A maioria dos espanhóis não sabe quem foi Amadeo de Souza-Cardoso nem José Sobral de Almada Negreiros (que viveu e trabalhou em Madrid), não teve acesso à obra de Eduardo Viana nem de Guilherme de Santa Rita, não tem noção de que, durante a guerra, o casal Sonia e Robert Delaunay se refugiou no norte do país e fez amigos, criando com eles uma corporativa de artistas que incluída dois poetas (Guillaume Apollinaire e Blaise Cendrars), que sonhou expor em várias cidades europeias (projecto que ficou por cumprir) e que lia Arthur Rimbaud compulsivamente. 

“O Pessoa funciona aqui como um mecanismo de atracção que abre a porta para um universo novo para os espanhóis, que têm neste período, que termina na exposição com a chamada geração da Presença [uma das mais importantes revistas literárias portuguesas, publicada entre 1927 e 1940], artistas que são referências absolutas na arte do século XX, como Picasso”, diz João Fernandes.

A exposição do Rainha Sofia contará com 160 obras de 20 artistas, provenientes de várias instituições públicas e privadas, como a Biblioteca Nacional de Portugal, o Museu do Chiado e a Fundação Cupertino de Miranda. A Gulbenkian, que a co-produz, é o maior dos emprestadores, cedendo mais de 56 obras. Entre elas está o célebre retrato do poeta feito por Almada em 1964, segunda versão do que pintara dez anos antes para o restaurante Irmãos Unidos, ponto de encontro do grupo da revista Orpheu, em que ambos estavam envolvidos; as maravilhosas pinturas de Amadeo A Chalupa (c. 1914-15) ou Os Galgos (1811); O Meu Retrato (1928), de Mário Eloy; K4 Quadrado Azul (c. 1916), de Viana; Tarde de Festa (1925), de Júlio dos Reis Pereira; e inúmeros desenhos de Jorge Barradas e Adriano de Sousa Lopes.

Estas obras, associadas a vários documentos – fotografias, cartas e outros manuscritos, horóscopos que Pessoa faz para si e para os seus heterónimos, revistas de arte e literatura, como Orpheu, A Águia e a Presença – estarão divididas por núcleos dedicados aos “ismos” que, via Pessoa, marcaram a modernidade portuguesa, uns originais, outros por reapropriação ou oposição frontal. Estão lá o paulismo, o interseccionismo, o sensacionismo, o futurismo… “Nesta exposição o que mais nos interessa trabalhar é o próprio conceito de vanguarda e a forma como Pessoa, que não se interessa propriamente pelas artes visuais mas que muito escreve sobre elas, se relaciona com a modernidade.”

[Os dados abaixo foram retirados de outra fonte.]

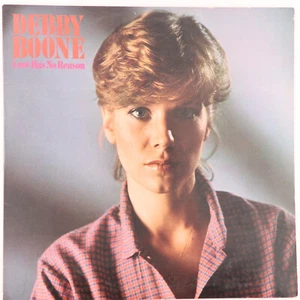 Debby Boone – Love Has No Reason - 1980 Country -  12" Vinyl LP BSK 3419 - Picture 1 of 8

Explica João Fernandes que o poeta, que chegava às artes sempre através da literatura porque só ela lhe interessava, se distancia do cubismo sem deixar de se relacionar com ele, “reinterpretando” algumas das suas propostas:  “Pessoa compreende que é preciso ser contemporâneo e o modernismo é essa contemporaneidade. Ele sabe que as vanguardas estão a acontecer, mas cria os seus próprios modelos, o que reflecte uma atitude crítica muito interessante.”

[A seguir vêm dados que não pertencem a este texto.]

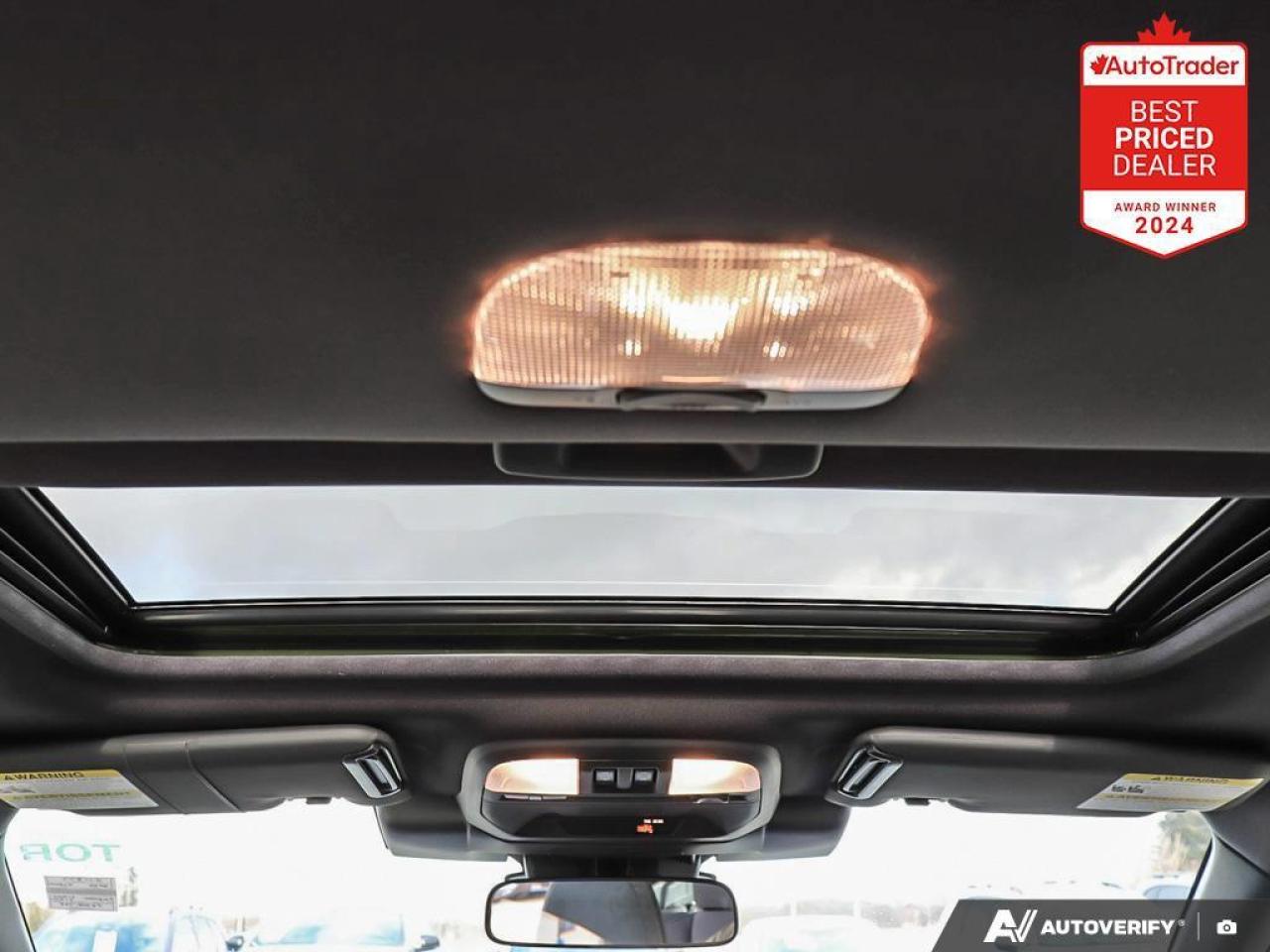 2026 Subaru Impreza RS 4dr Hatchback Photo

Pessoa procura a diferença, acrescenta o comissário, a partir de um contexto que ele sabe ser periférico e adoptando algo que é comum às artes visuais portuguesas da época – uma forma muito particular de cruzar o popular e o erudito. “Pessoa trabalha a redondilha como trabalha o verso clássico. Nada disto se exclui na sua obra. Amadeo e Viana, por exemplo, também vão buscar o artesanato para o reinventarem.”

O poeta sabe, conclui, que há uma simultaneidade da escrita e das artes visuais – a Orpheu é um dos palcos maiores dessa convivência -, e insiste na especificidade da cultura portuguesa, uma especificidade que é geográfica, mas também histórica: “Por isso ele cria essa noção de Quinto Império para a poesia e para a arte. Um império que deixou de o ser.”